Ainsi, à travers la forme en « L » inversé du couloir, J. Semprun ne nous propose-t-il pas un signifiant formel ? Un couloir tourne à angle droit. Nous pouvons relier ce signifiant formel à l’expression « quelque chose m’échappe » sur laquelle l’écrivain semble également insister. Signifiant spatial qui représenterait une tentative de figuration du processus suivant : comment des parties clivées peuvent-elles se retrouver ou ne pas se retrouver ; l’une étant enfermée dans le lieu clos, l’autre enfermée hors du lieu clos, sans possibilité de retrouver l’autre. Nous aurions ici une figure de l’impossible rencontre des deux parties clivées révélant une distorsion des enveloppes psychiques du sujet. Ce que tente de formuler J. Semprun, n’est-ce pas qu’une partie de lui est partie avec l’objet maternel, est morte avec la mère et que l’autre partie de lui erre à la recherche de l’autre sans pouvoir rien contenir, les deux enveloppes d’excitation et de communication au lieu d’être superposées et emboîtées, étant mises bout à bout pour ne former qu’une seule bande tordue à la manière de l’anneau de Moebius. Les troubles de la distinction entre ce qui provient du dedans et ce qui vient du dehors sont occasionnés par cette configuration spécifique comme le remarque D. Anzieu (1985, pp. 149-150). On a soit un contenant qui ne peut rien contenir, soit un contenu en manque de contenant.

Nous retrouvons ici l’idée d’un Moi-peau confronté à une imago maternelle gravement conflictuelle : « promesse de vie et menace de mort ».

En effet, la forme en « L » renversé, définie à partir de la lettre « L «, renvoie d’emblée à la forme de cette lettre ; on ne peut donc penser l’une sans l’autre, comme si en envisageant l’une, on évidait le plein qu’elle formait en miroir avec l’autre, ou au contraire on bordait le vide laissé par la disparition de l’autre – les deux « L » constituant ensemble un rectangle.

Semprun nous y invite lui-même, mais aussi, si on l’entend dans sa forme espagnole « el/èl « au pronom personnel masculin et à l’article défini (il/le, en français) ; mot plein qui réfracte l’image maternelle et une infinité de significations – et contient en creux une figure paternelle ? – mais qui s’il est réduit au graphe « l » risque de se vider de son signifié – comme Artigas se vide de sa substance psychique.

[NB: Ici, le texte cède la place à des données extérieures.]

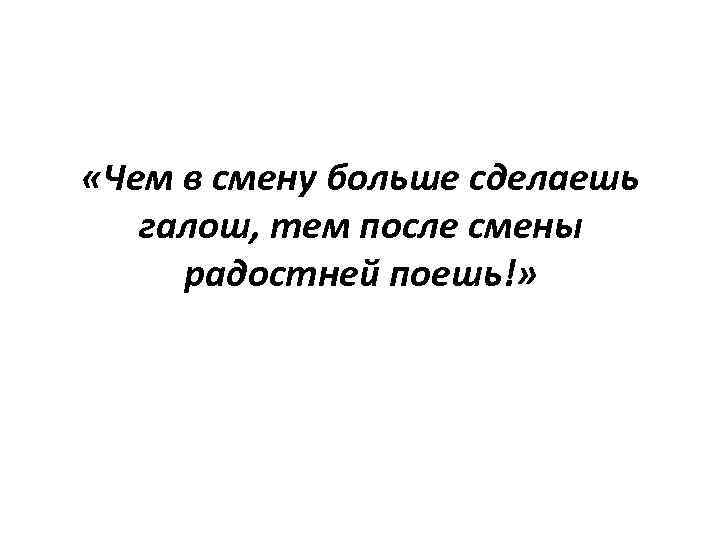  «Чем в смену больше сделаешь галош, тем после смены радостней поешь!»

C’est que l’équation « L, , elle, el, èl, » et le retour à la matière visuelle du mot qu’elle entraîne, réalise une équivalence mot/chose, Moi/monde, origine/fin : « Dans le sein maternel de la mort qui me poursuit desde que he nacido. Ou que je poursuis depuis que je suis né ». Le début peut devenir la fin, la vie prendre la place de la mort ou vice versa, comme le mot « elle » qui peut se lire indifféremment de gauche à droite ou de droite à gauche.

Le mot « elle » calligraphié apparaît constitué de plusieurs boucles, qui peuvent renvoyer à ces formes élémentaires, de nature rythmique – précédant les formes géométriques – qui concourent à la formation du Moi corporel et de l’espace psychique, du « moi sphérique » tel qu’il est évoqué par plusieurs auteurs (Ferenczi, Green, Haag).

Ce couloir sur lequel débouche invariablement J. Semprun est décrit comme interminable ; on ne sait plus si l’espace est limité ou illimité, si on est enfermé au-dehors ou au-dedans. Tant que le couloir reste couloir, sans issue possible, « la vie n’ [a] pas de sens », que la porte s’ouvre, alors vide et plein s’interpénètrent pour se confondre : « Tout ce qui me reste de force se concentre dans ce regard. Et mon crâne va éclater, ma vie va s’écouler finalement par mes yeux qui se vident de toutes les beautés du monde. Ma vie n’est plus que l’ombre vacillante de ce regard ultime sur l’encadrement lumineux de cette porte ».

Notons en passant que la consonne « l » condense l’idée d’ouverture et de fermeture associée à l’écoulement ; consonne appelée « liquide » parce que son spectre acoustique présente des caractéristiques vocaliques, son articulation combinant une occlusion et une ouverture du chenal buccal de manière simultanée.

Ecrire c’est donc aussi retourner en ces temps constitutifs du moi-corps pour tenter de reprendre ce qui n’a pas pu se jouer valablement dans les échanges émotionnels primitifs. L’écriture représenterait une tentative de relier contenant et contenu, de traduire les signifiants formels en signifiants linguistiques.